* What the task asks *
Only the pictures are dropped. Restate each line below word for word.

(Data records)
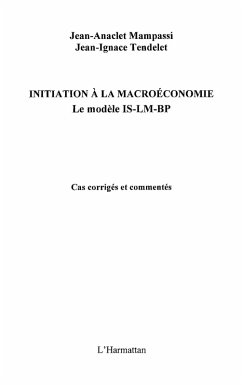 Initiation A la macroeconomie - le modele is-lm-bp - cas cor (eBook, ePUB)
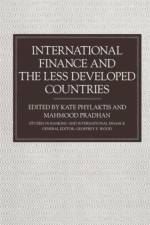 International Finance and the Less Developed Countries af Mahmood Pradhan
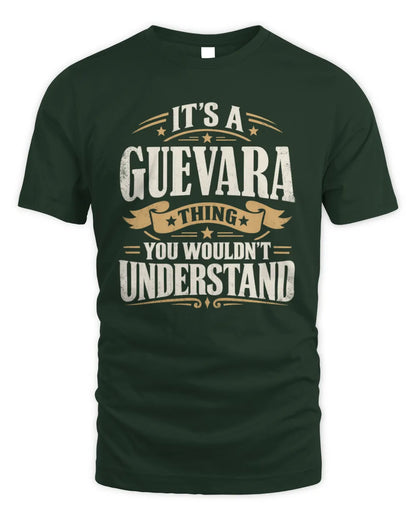 GUEVARA P08 TH51 - Personalized “It’s a/an [NAME] Thing – You Wouldn’t Understand” Shirt - Unisex Standard T-Shirt - Forest Green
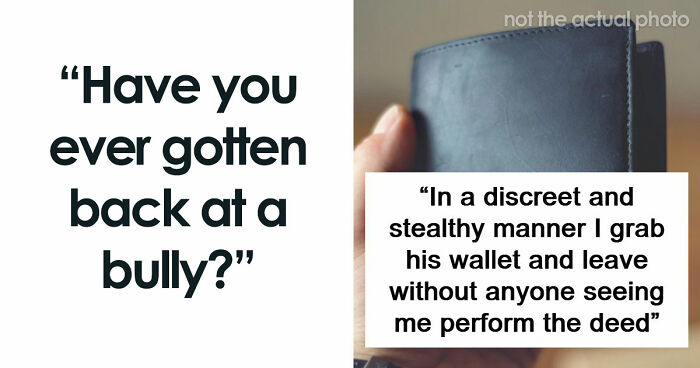 47 Stories Of Victims Getting Their Satisfying Revenge Against School Bullies
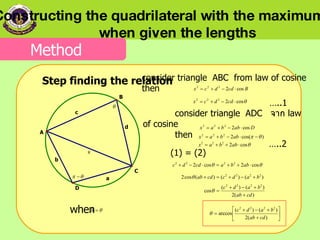 consider   triangle   ADC   จาก  law of cosine then consider triangle   ABC   from   law of cosine then   … ..1 … ..2 (1) = (2) when Step finding the relation Constructing the quadrilateral with the maximum area  when given the lengths Method 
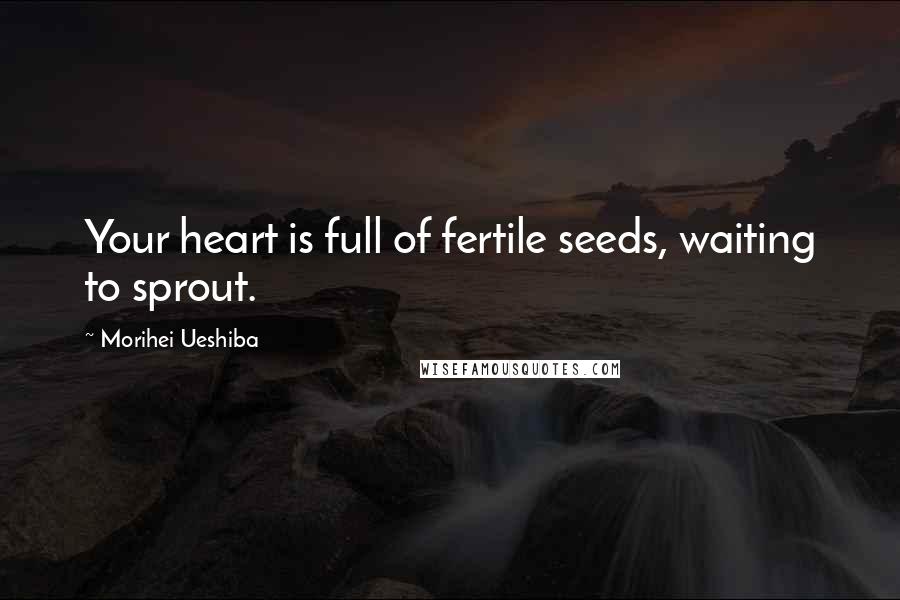 Morihei Ueshiba Quotes: Your heart is full of fertile seeds, waiting to sprout.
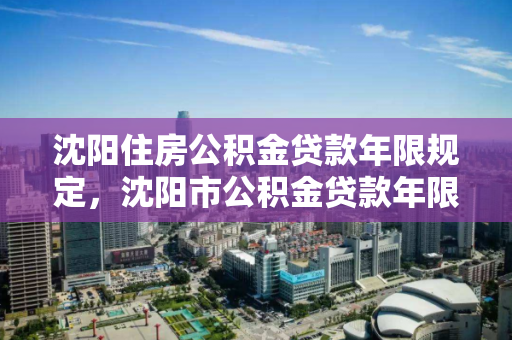 沈阳住房公积金贷款年限规定,沈阳市公积金贷款年限,沈阳市公积金贷款年限规定解析 沈阳住房公积金贷款年限规定,沈阳市公积金贷款年限,沈阳市公积金贷款年限规定解析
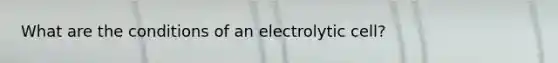 What are the conditions of an electrolytic cell?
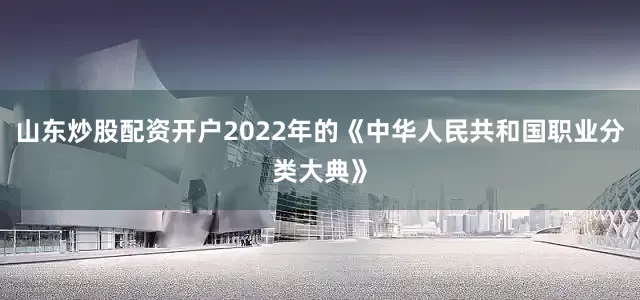 山东炒股配资开户2022年的《中华人民共和国职业分类大典》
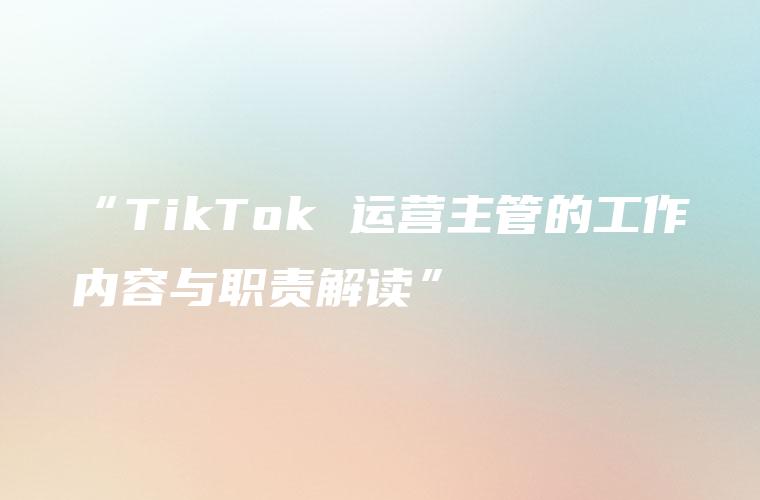 “TikTok 运营主管的工作内容与职责解读”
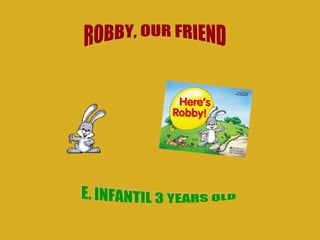 ROBBY, OUR FRIEND E. INFANTIL 3 YEARS OLD 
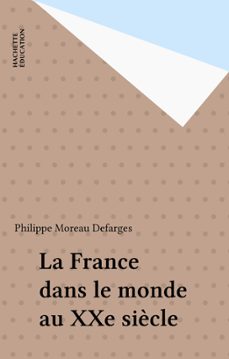 la france dans le monde au xxe siècle (ebook)-philippe moreau defarges-9782014604436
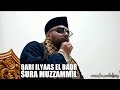 Qari Ilyaas El Badr | Sura Muzzammil | Murattal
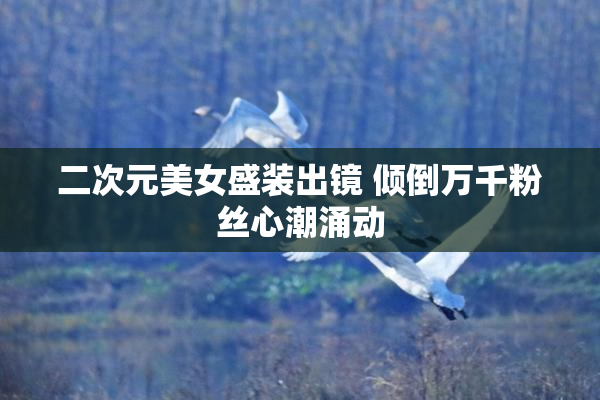 二次元美女盛装出镜 倾倒万千粉丝心潮涌动
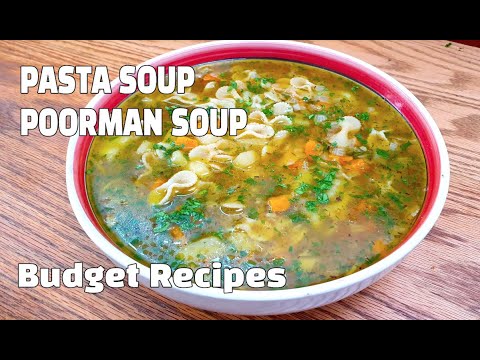 How To Make Pasta Soup | Budget Recipes | Easy Tasty Veggie Soup | Youtube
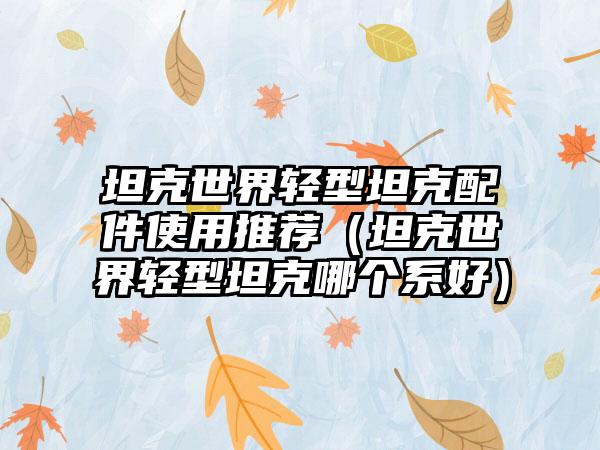 坦克世界轻型坦克配件使用推荐（坦克世界轻型坦克哪个系好）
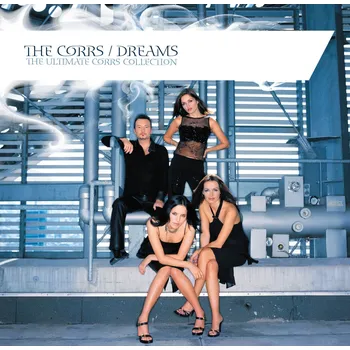 Zahraniční hudba Dreams: The Ultimate Corrs Collection - The Corrs [CD]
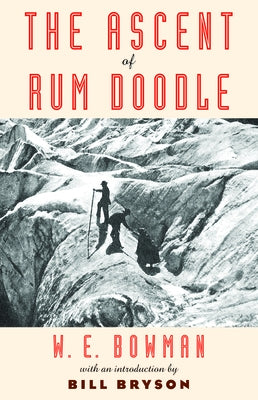 The Ascent of Rum Doodle by Bowman, W. E.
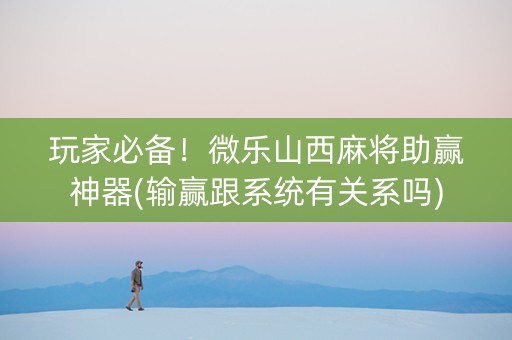 玩家必备！微乐山西麻将助赢神器(输赢跟系统有关系吗)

* Response *
 Initiation A la macroeconomie - le modele is-lm-bp - cas cor (eBook, ePUB)
 International Finance and the Less Developed Countries af Mahmood Pradhan
 GUEVARA P08 TH51 - Personalized “It’s a/an [NAME] Thing – You Wouldn’t Understand” Shirt - Unisex Standard T-Shirt - Forest Green
 47 Stories Of Victims Getting Their Satisfying Revenge Against School Bullies
 consider   triangle   ADC   จาก  law of cosine then consider triangle   ABC   from   law of cosine then   … ..1 … ..2 (1) = (2) when Step finding the relation Constructing the quadrilateral with the maximum area  when given the lengths Method 
 Morihei Ueshiba Quotes: Your heart is full of fertile seeds, waiting to sprout.
 沈阳住房公积金贷款年限规定,沈阳市公积金贷款年限,沈阳市公积金贷款年限规定解析 沈阳住房公积金贷款年限规定,沈阳市公积金贷款年限,沈阳市公积金贷款年限规定解析
 What are the conditions of an electrolytic cell?
 山东炒股配资开户2022年的《中华人民共和国职业分类大典》
 “TikTok 运营主管的工作内容与职责解读”
 ROBBY, OUR FRIEND E. INFANTIL 3 YEARS OLD 
 la france dans le monde au xxe siècle (ebook)-philippe moreau defarges-9782014604436
 Qari Ilyaas El Badr | Sura Muzzammil | Murattal
 二次元美女盛装出镜 倾倒万千粉丝心潮涌动
 How To Make Pasta Soup | Budget Recipes | Easy Tasty Veggie Soup | Youtube
 坦克世界轻型坦克配件使用推荐（坦克世界轻型坦克哪个系好）
 Zahraniční hudba Dreams: The Ultimate Corrs Collection - The Corrs [CD]
 The Ascent of Rum Doodle by Bowman, W. E.
 玩家必备！微乐山西麻将助赢神器(输赢跟系统有关系吗)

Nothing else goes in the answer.